# Head scratcher on a MW resi circuit



## redseal (Sep 22, 2010)

Had a service call today multi wire, one of the kit SA circuits, Dine on one phase and Laundry on the other , micro on this also fed after the kit and dine. All Phases show 120v, untill a load is applied, then the micro goes to 112v. They have burned through 2 micros's already. I have checked all connections and all are good (pannel, hr, recps) No loose noodles, phased correctly, no corrosion on any neutral, Problems on B phase also. Traced all circuits and I am stumped..... I would say faulty micro, but the problem is also with a freezer on the laundry circuit wich is part of the MW??????


----------



## Cletis (Aug 20, 2010)

*??*



redseal said:


> Had a service call today multi wire, one of the kit SA circuits, Dine on one phase and Laundry on the other , micro on this also fed after the kit and dine. All Phases show 120v, untill a load is applied, then the micro goes to 112v. They have burned through 2 micros's already. I have checked all connections and all are good (pannel, hr, recps) No loose noodles, phased correctly, no corrosion on any neutral, Problems on B phase also. Traced all circuits and I am stumped..... I would say faulty micro, but the problem is also with a freezer on the laundry circuit wich is part of the MW??????
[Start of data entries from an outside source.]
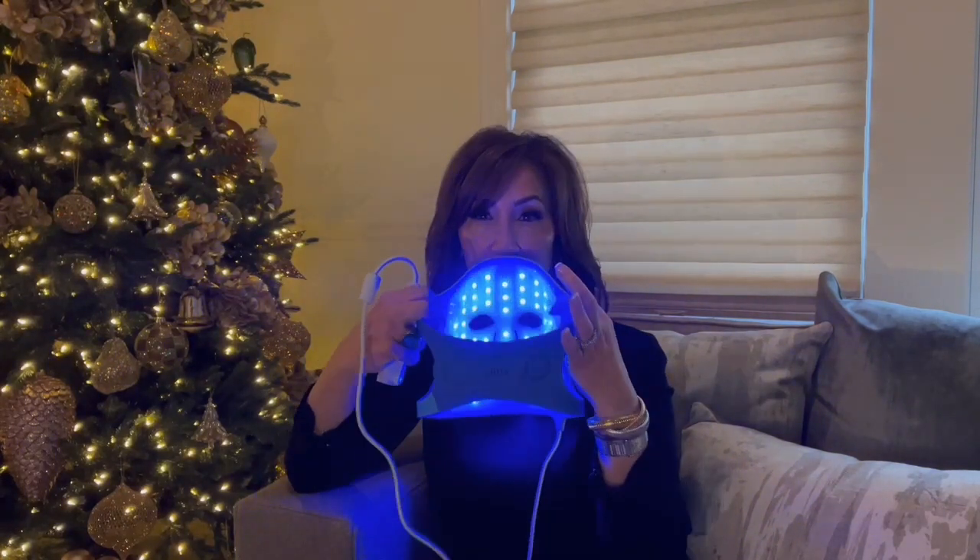If acne or blemishes is your issue, you're going to go to blue mode. The blue wavelength of about 415 nanometers is known to reduce the production of bacteria on the surface of the skin. It will also help to heal existing comedones and prevent emerging acne. This is a great mask for the family — mom, dad, or older siblings might have hyperpigmentation or mild wrinkling, while younger members might have acne issues. Without having to use harsh acne treatments, you can really effectively reduce the incidence of breakouts using this blue light.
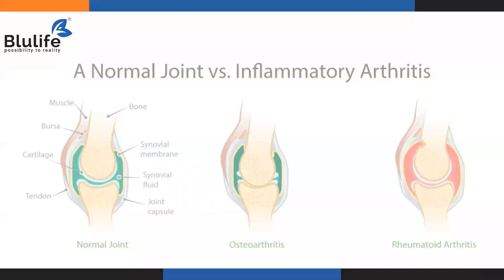In osteoarthritis, the synovial fluid between the two bones has decreased and the two bones have come closer to each other. Because of this, the friction between the bones increases, causing inflammation. In rheumatoid arthritis, the complete area surrounding the bones — the joint, the synovial fluid, the synovial membrane — everything is inflamed, red and swollen. This is because of the autoimmune disease where your own cells destroy your joint cells.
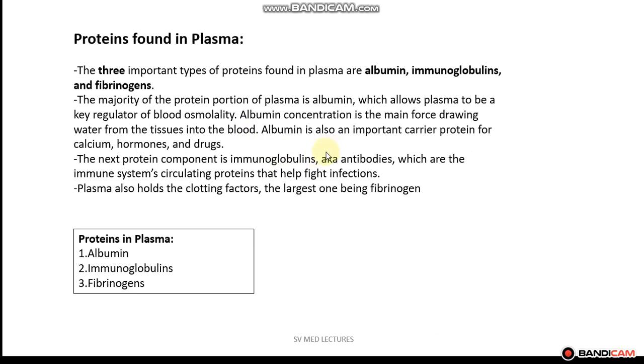Albumin is also an important carrier protein for calcium, hormones, and drugs. The next protein component is immunoglobulins, otherwise known as antibodies, that can help your body fight infections. And the last plasma component is the clotting factor, fibrinogen. So to recap, the proteins found in plasma are albumin, immunoglobulins, and fibrinogen.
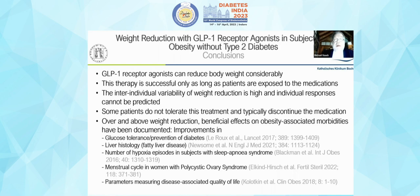GLP-1 receptor agonists for the treatment of obesity represent an optimistic story. We understand the mechanisms, we have major weight loss that should impact patients' health and longevity, and more advances will be heard in the near future.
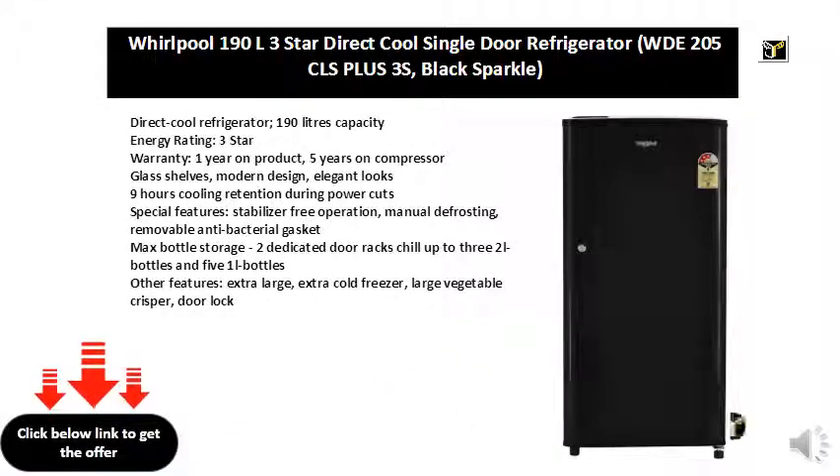Direct Cool Refrigerator, 190 liter capacity, Energy Rating 3 Star, Warranty 1 year on product, 5 years on compressor. Glass shelves, modern design, elegant looks. 9 hours cooling retention during power cuts. Special features: stabilizer free operation, manual defrosting, removable antibacterial gasket.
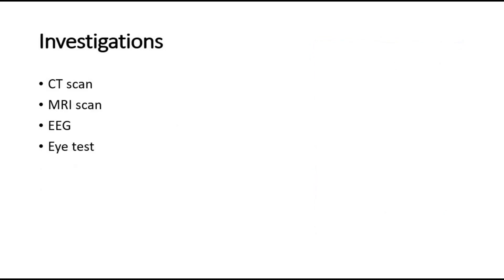The investigations that can be done to diagnose Sturge-Weber syndrome and rule out other differential diagnoses are CT scan, MRI, and EEG, which can also help to establish early diagnosis and start treatment in patients at risk. Eye tests can be done to look for glaucoma and check for other eye abnormalities.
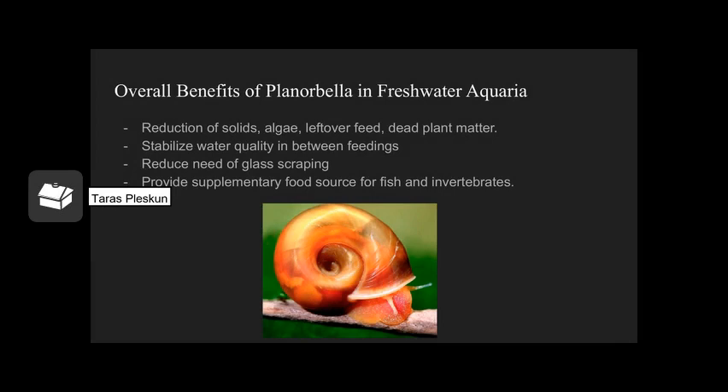Overall benefits of Planorbella in freshwater aquariums: reduced solids, cut-down algae, removal of leftover feed and dead plant matter. By taking out those solids, your plants work better, your filters work better — like a living Roomba. Stabilized water quality because solids are being reduced and filters, plants, and other bacteria work so much better. Reduced need for glass scraping, as they go through with that radula scraping off all biofilm way before it can even form to a point you can see it. And it provides a supplementary food source for fish and invertebrates — plenty of loaches and cichlids will devour these guys, letting you recover all those wastes and turn them into nutrition for your fish.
I'm still confused. Can you rephrase or do I need to go down and start drinking for things to make sense tonight ?


----------



## leland (Dec 28, 2007)

Cletis said:


> I'm still confused. Can you rephrase or do I need to go down and start drinking for things to make sense tonight ?



Exactly!


----------



## erics37 (May 7, 2009)

How far away is the microwave receptacle from the panel, and what ampacity circuit runs it? 15 or 20 amp?


----------



## Cletis (Aug 20, 2010)

*Micro*

I bet the micro is on 14 gauge and they have about 117 volts before load kicks it down to 112V. Still shouldn't blow micro's unless you have fancy swedish/european ones ? The alcohol is starting to kick in now....


----------



## leland (Dec 28, 2007)

redseal said:


> Had a service call today multi wire, one of the kit SA circuits, Dine on one phase and Laundry on the other , micro on this also fed after the kit and dine. All Phases show 120v, untill a load is applied, then the micro goes to 112v. They have burned through 2 micros's already. I have checked all connections and all are good (pannel, hr, recps) No loose noodles, phased correctly, no corrosion on any neutral, Problems on B phase also. Traced all circuits and I am stumped..... I would say faulty micro, but the problem is also with a freezer on the laundry circuit wich is part of the MW??????



#1- Electricians don't call them 'Noodles'. That is right up there with 'JUICE'. (if there was a puke symbol it would be inserted)

#2 - Your Multi wire branch circuit,seems to cover .. The Kitchen,laundry,Dining room&Freezer.

This is a 'Multi-USE' circuit. Looks like too many splices. One is bad.
Trace the circuit and repair ALL splices.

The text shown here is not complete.